## Records shown

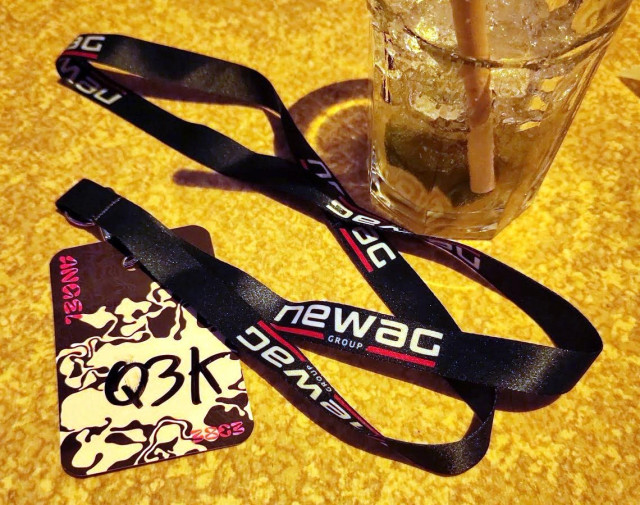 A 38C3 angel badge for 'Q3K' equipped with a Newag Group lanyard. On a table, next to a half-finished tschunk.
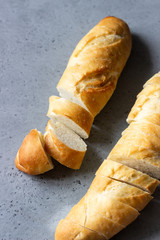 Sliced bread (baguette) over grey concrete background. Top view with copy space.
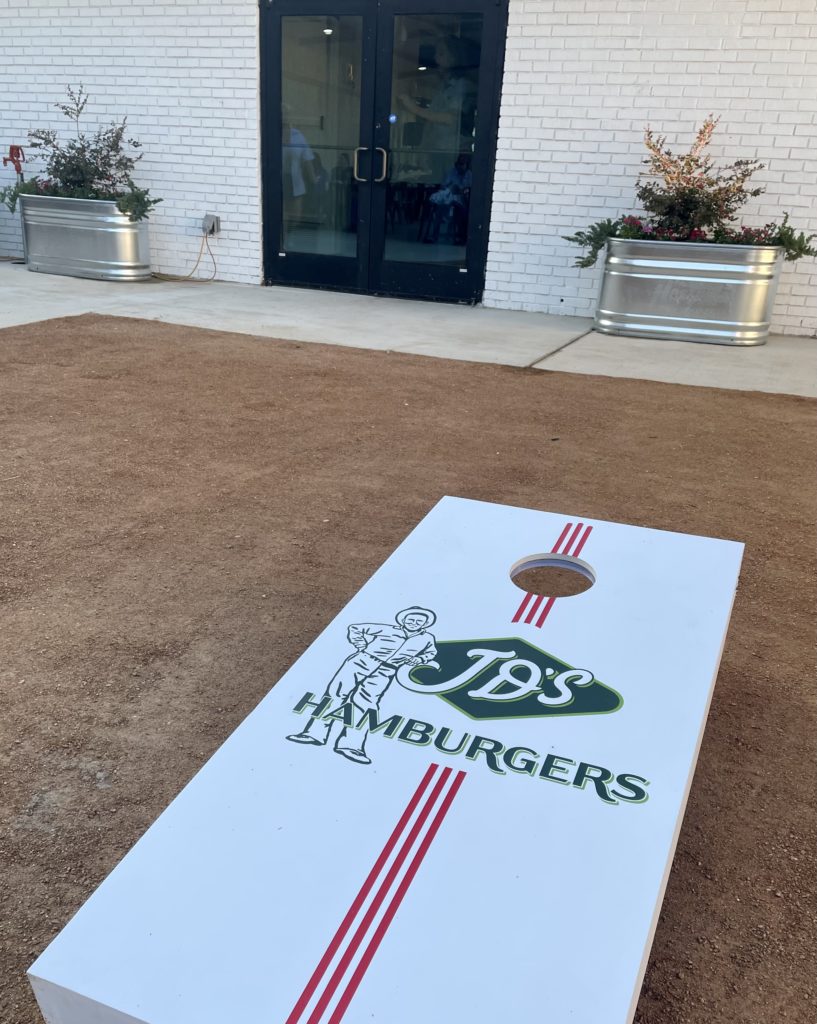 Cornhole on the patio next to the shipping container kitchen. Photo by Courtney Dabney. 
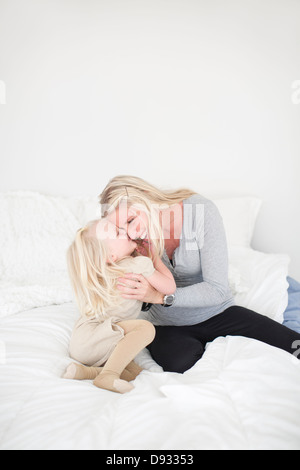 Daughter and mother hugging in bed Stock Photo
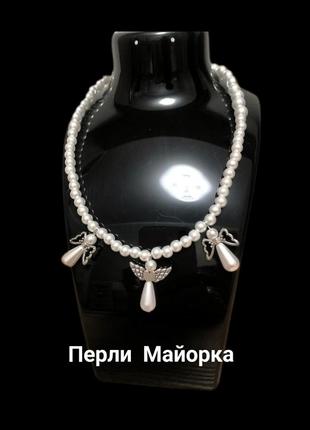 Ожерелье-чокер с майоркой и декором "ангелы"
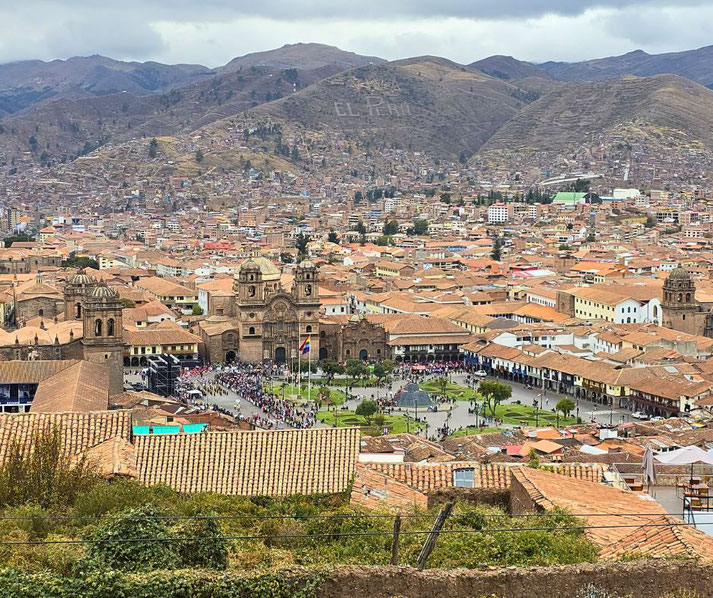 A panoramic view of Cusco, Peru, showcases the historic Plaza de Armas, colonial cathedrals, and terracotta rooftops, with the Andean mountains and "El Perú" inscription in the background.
==
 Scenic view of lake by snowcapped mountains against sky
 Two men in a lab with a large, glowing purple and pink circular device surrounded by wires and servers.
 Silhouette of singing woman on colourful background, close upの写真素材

## What is required
Repeat, word for word, the lines above between the line holding "Two men in a" and the line holding "Silhouette of singing", inclusive; omit everything else.

## Your solution
 Two men in a lab with a large, glowing purple and pink circular device surrounded by wires and servers.
 Silhouette of singing woman on colourful background, close upの写真素材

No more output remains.